Time spiral: looking back through time to understand future climate change. Credit: NASA |
Back to the future: Scientists look into Earth's "Deep Time" to predict future effects of climate change
Climate change alters the way in which species interact with one another--a reality that applies not just to today or to the future, but also to the past, according to a paper published by a team of researchers in this week's issue of the journal Science.
"We found that, at all time scales, climate change can alter biotic interactions in very complex ways," said paleoecologist Jessica Blois of the University of California, Merced, the paper's lead author.
"If we don't incorporate this information when we're anticipating future changes, we're missing a big piece of the puzzle."
Blois asked for input from researchers who study "deep time," or the very distant past, as well as those who study the present, to help make predictions about what the future holds for life on Earth as climate shifts.
Co-authors of the paper are Phoebe Zarnetske of Yale University, Matthew Fitzpatrick of the University of Maryland, and Seth Finnegan of the University of California, Berkeley.

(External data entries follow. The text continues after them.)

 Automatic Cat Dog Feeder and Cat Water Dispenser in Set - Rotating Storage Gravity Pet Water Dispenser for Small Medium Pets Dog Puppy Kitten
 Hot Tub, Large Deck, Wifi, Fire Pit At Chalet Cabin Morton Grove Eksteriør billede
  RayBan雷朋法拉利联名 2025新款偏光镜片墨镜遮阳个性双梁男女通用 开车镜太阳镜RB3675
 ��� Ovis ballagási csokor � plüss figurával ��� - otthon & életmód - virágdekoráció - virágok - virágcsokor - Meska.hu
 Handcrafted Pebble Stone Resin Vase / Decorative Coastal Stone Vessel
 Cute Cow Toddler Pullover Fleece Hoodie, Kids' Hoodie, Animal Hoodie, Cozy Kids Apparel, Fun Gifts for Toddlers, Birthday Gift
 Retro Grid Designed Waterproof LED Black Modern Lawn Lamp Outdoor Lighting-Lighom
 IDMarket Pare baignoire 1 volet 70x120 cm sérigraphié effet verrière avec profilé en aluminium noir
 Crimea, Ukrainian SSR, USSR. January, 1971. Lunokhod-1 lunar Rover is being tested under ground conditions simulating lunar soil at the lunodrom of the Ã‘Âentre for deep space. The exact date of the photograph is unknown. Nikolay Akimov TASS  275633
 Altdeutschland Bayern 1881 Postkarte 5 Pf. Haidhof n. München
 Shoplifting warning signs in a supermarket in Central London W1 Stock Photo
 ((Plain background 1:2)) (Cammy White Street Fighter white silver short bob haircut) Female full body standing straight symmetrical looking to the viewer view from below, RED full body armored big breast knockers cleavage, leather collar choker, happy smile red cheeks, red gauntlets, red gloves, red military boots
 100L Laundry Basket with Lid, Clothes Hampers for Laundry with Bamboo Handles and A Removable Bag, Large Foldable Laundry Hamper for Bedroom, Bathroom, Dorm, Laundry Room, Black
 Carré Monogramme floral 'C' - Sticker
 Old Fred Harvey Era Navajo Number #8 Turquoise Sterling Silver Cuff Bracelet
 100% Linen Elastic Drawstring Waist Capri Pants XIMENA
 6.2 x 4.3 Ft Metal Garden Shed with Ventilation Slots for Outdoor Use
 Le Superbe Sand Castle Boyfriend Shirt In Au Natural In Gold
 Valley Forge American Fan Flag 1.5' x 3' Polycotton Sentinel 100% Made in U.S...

"Climate change and other human influences are altering Earth's living systems in big ways, such as changes in growing seasons and the spread of invasive species," said Alan Tessier, program director in the National Science Foundation's (NSF) Division of Environmental Biology, which co-funded the research with NSF's Division of Earth Sciences.
"This paper highlights the value of using information about past episodes of rapid change from Earth's history to help predict future changes to our planet's ecosystems."
Scientists are seeing responses in many species, Blois said, including plants that have never been found in certain climates--such as palms in Sweden--and animals like pikas moving to higher elevations as their habitats grow too warm.
"The worry is that the rate of current and future climate change is more than species can handle," Blois said.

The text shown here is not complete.